Elle voyait bien qu’il ne pouvait s’empêcher de regarder vers la tombe et elle aurait voulu lui prendre la main et l’y emmener. Elle ne put néanmoins pas s’y résoudre et il se elva finalement, avec l’intention de prendre une douche, ce qui n’était pas une mauvaise idée.

L’ex marine ramena les mug vide à la cuisine et y passa un peu d’eau avant d’aller discuter avec le prêtre qui s’inquiétait pour elle.

« - J’en ai vu d’autre, éluda-t-elle. Non, il n’a pas été bavard, mais il ne m’a pas envoyé paître non plus. Mais il est secoué… et je ne sais pas comment le faire s’ouvrir un peu. Maintenant que j’ai rencontré son père je sais d’où viens son coté tête de mule, mais ça ne dit pas comment l’aider à nous parler. »

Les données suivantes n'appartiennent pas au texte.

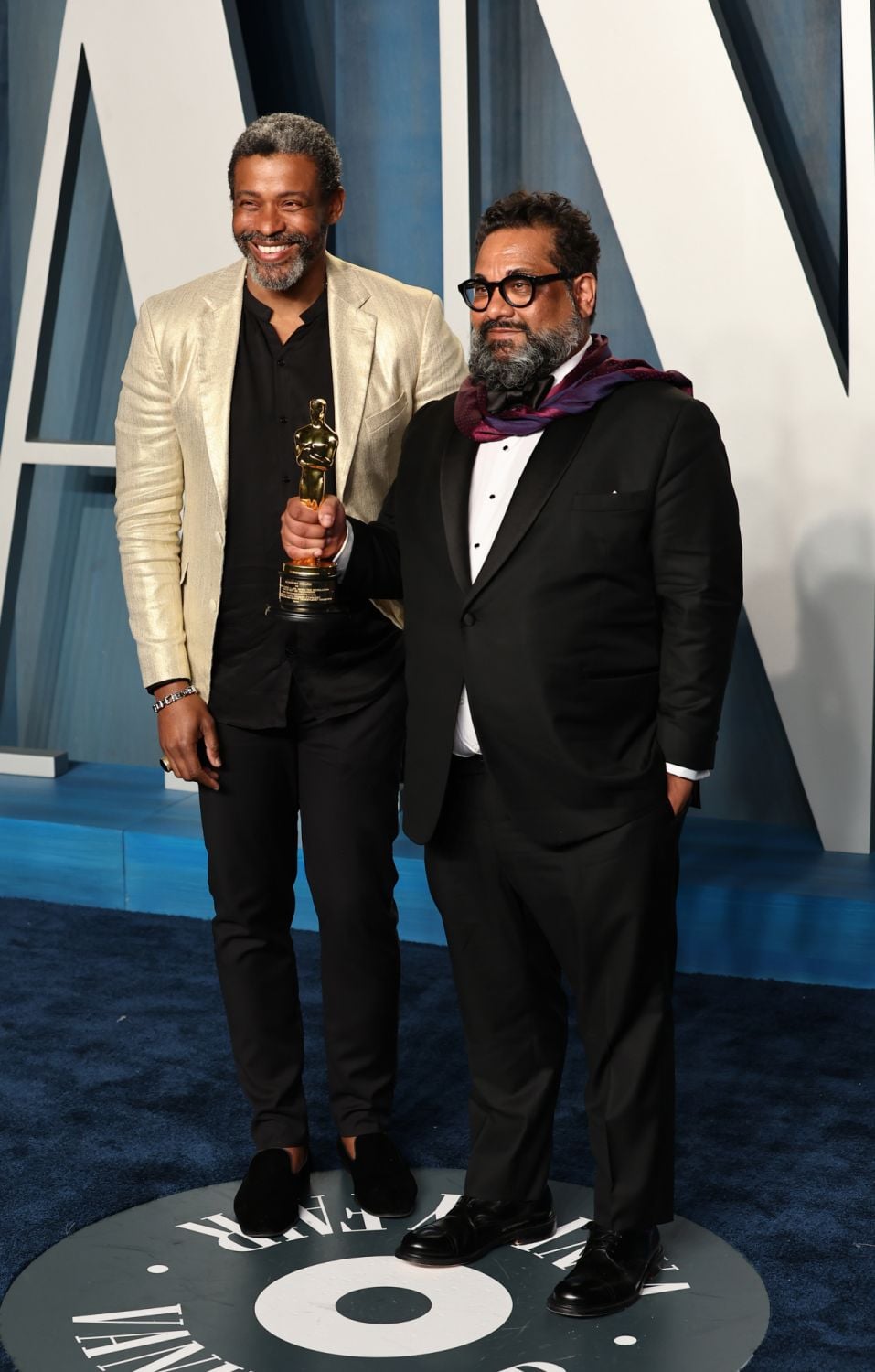 BEVERLY HILLS, CALIFORNIA - MARCH 27: Joseph Patel (R) and guest attend the 2022 Vanity Fair Oscar Party hosted by Radhika Jones at Wallis Annenberg Center for the Performing Arts on March 27, 2022 in Beverly Hills, California. (Photo by Arturo Holmes/FilmMagic)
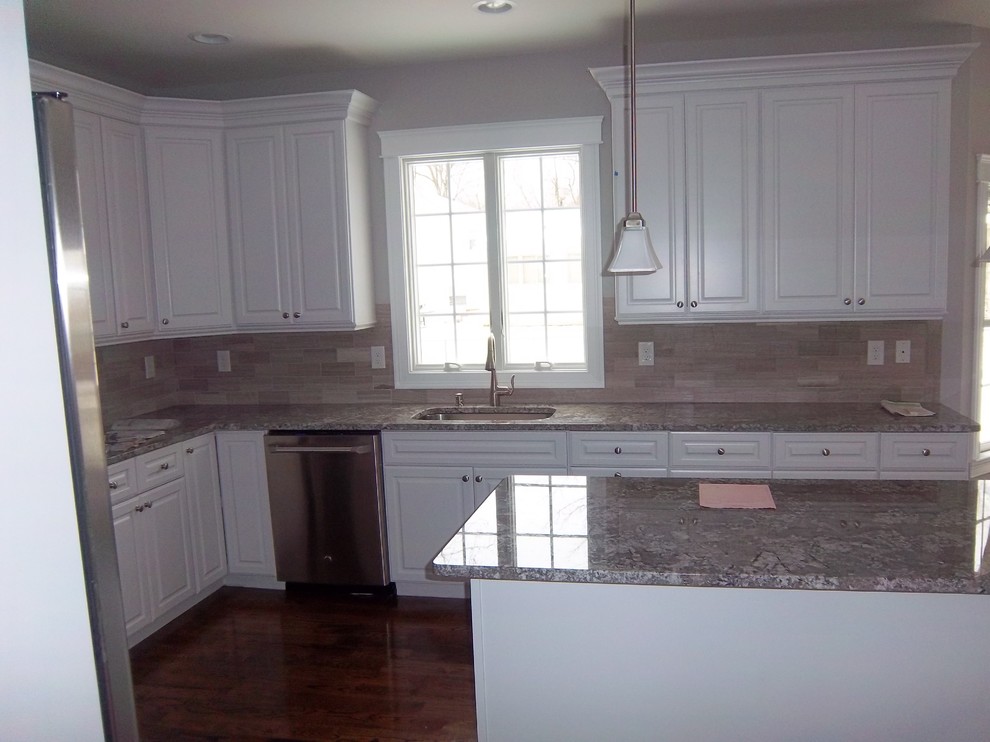 Large transitional u-shaped dark wood floor and brown floor kitchen photo with an undermount sink, raised-panel cabinets, white cabinets, granite countertops, gray backsplash, porcelain backsplash, stainless steel appliances, an island and gray countertops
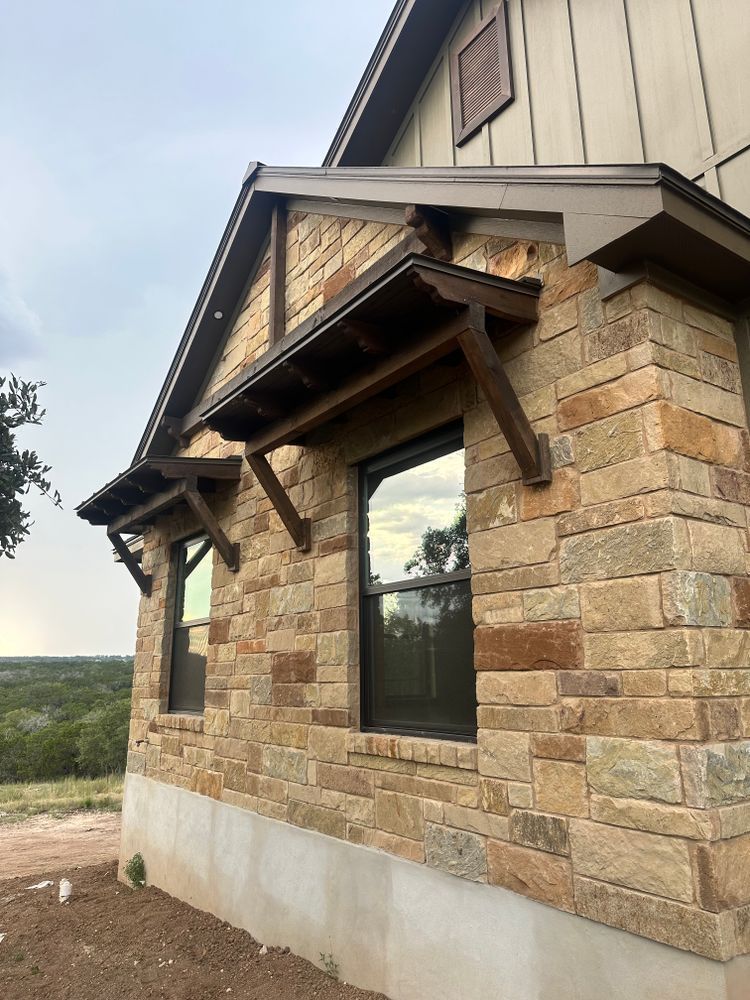 Stone house exterior with a gabled roof, wooden awning, and dark-framed window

Quand le prêtre évoqua une sorte de musée au souvenir de la défunte, elle secoua la tête, soudain effrayée.

« - C’est trop tôt, bordel ! Laissez-le un peu digérer, bon sang. Je sais qu’il faut le bousculer, mais on est pas obliger de le rouer de coups non plus. »

Agacée autant par le prêtre que par sa propre attitude protectrice, Nadja retourna dans leur chambre chercher son carnet à dessin. Elle s’était endormie dessus hier soir en laissant son esprit vagabonder librement. En regardant ce qu’elle avait dessiné, elle frissonna. Elle avait noirci des pages entières et on distinguait par transparence une présence qui la terrifiait inexplicablement.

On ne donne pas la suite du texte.